Общественно-политический журнал

 

Традиция относиться к Человеку как к скотине очень древняя. Концепция прав человека становится важнейшим маркером в истории

Выдающийся историк Рейнхарт Козеллек в 1941 году в 17 лет вступил в вермахт, был ранен, 9 мая 1945 года попал в плен и больше года провел в лагере под Карагандой, а потом всю жизнь собирал для каталога изображения воинских мемориалов. Тысячи таких фотографий позволили ему сформулировать вывод, что большинство монументов мало что значат для следующих поколений, и в конечном итоге они разрушаются или их сносят (если не культивируют искусственно). Беда в том, что сообщение, которое они несут, — не смерть, а «смерть ради». Выдерживают испытание временем лишь интимные памятники, которые представляют смерть без всякой политической идентификации.

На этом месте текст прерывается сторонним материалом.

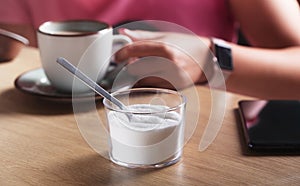 Woman holding a cup of coffee with milk and next to the sweetener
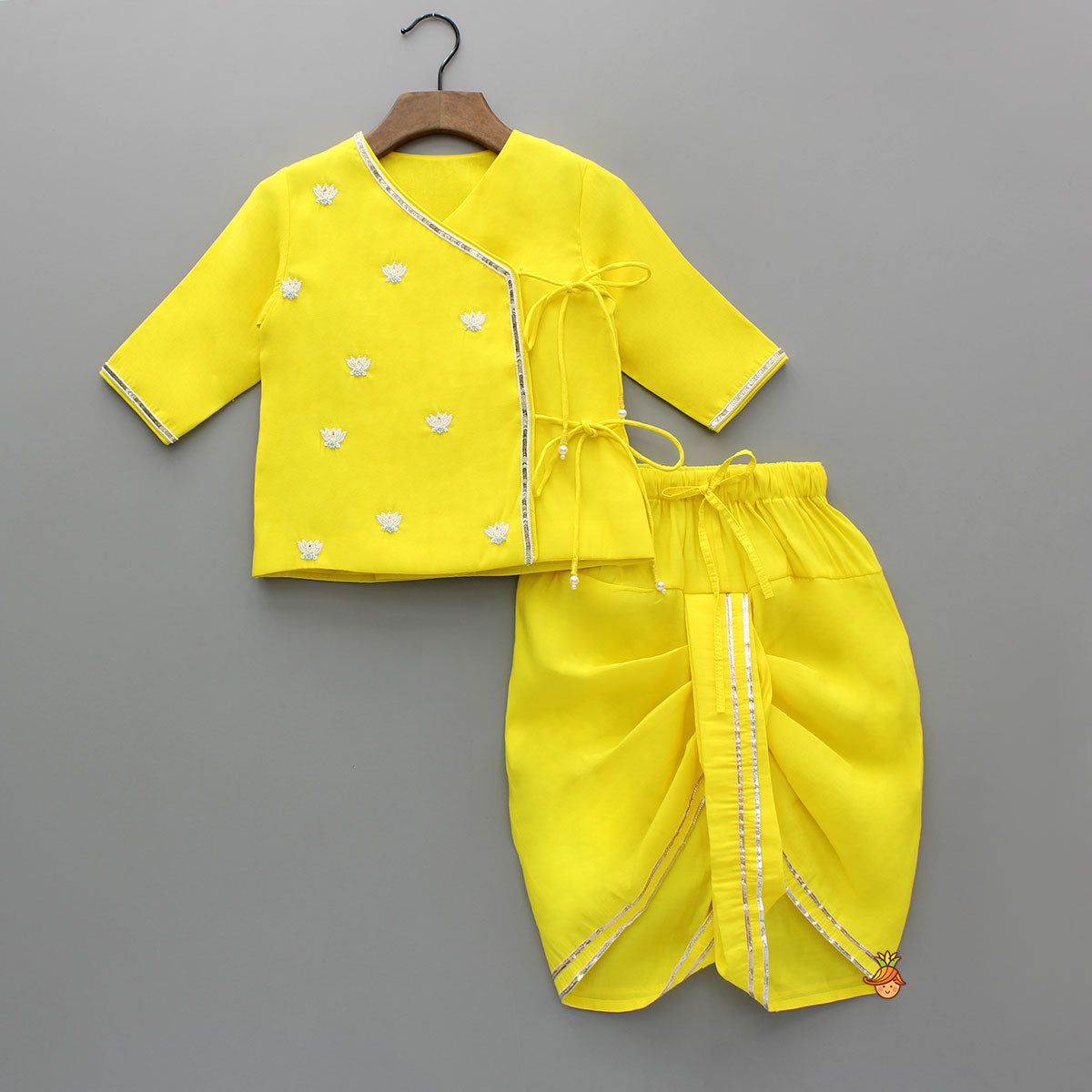 Pre Order: Dual Knot Detail Yellow Kurta And Dhoti With Mor Pankh Mukut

Важная мысль Козеллека, без ссылки на которого не обходится ни одна серьезная работа по истории Европы ХХ века, состоит в том, что история — это пространство между полем опыта и горизонтом ожиданий.

Следовательно, прежде чем понять страну и время, которые описывает тот или иной исторический источник, необходимо понять тот опыт и тот горизонт, то есть страну и время, откуда был записан нарратив и на которые он, в свою очередь, повлиял.

Например — иллюстрирует Козеллек — текст «Майн кампф» после Освенцима не может быть прочитан так же, как до этого опыта. Оптика истории, таким образом, в отличие от однозначности текстов (например, законов), всегда как минимум удваивается.

Как журналист, изучавший право и 40 лет писавший в основном судебные очерки и колонки, я сегодня уже ничего не могу сообщить с этих позиций, кроме того, что в стране, где я хотел бы быть похороненным, никакого права больше нет. Но раз я «обозреватель», мое дело что-то объяснять, и я поделюсь своими мыслями как историк.

Ведь журналист — тот же историк, но находящийся внутри истории, в самом процессе ее развертывания (эту мысль мы вскоре тоже развернем), и фиксирующий ее с предельно близкой дистанции, откуда еще далеко не все понятно, а будущего не видно вовсе.

О том, что мы (как «РФ») сейчас творим историю, недвусмысленно говорит президент, например, недавно апеллировавший к миссии Петра. Возможно, с позиций православия, принадлежность к которому сегодня такая же обязательная составляющая патриотизма, какой совсем недавно и часто для тех же самых людей была вера в идеалы коммунизма, это гордыня — наверное, единственный из смертных грехов, расплата за который наступает обычно еще при жизни и более или менее безотлагательно.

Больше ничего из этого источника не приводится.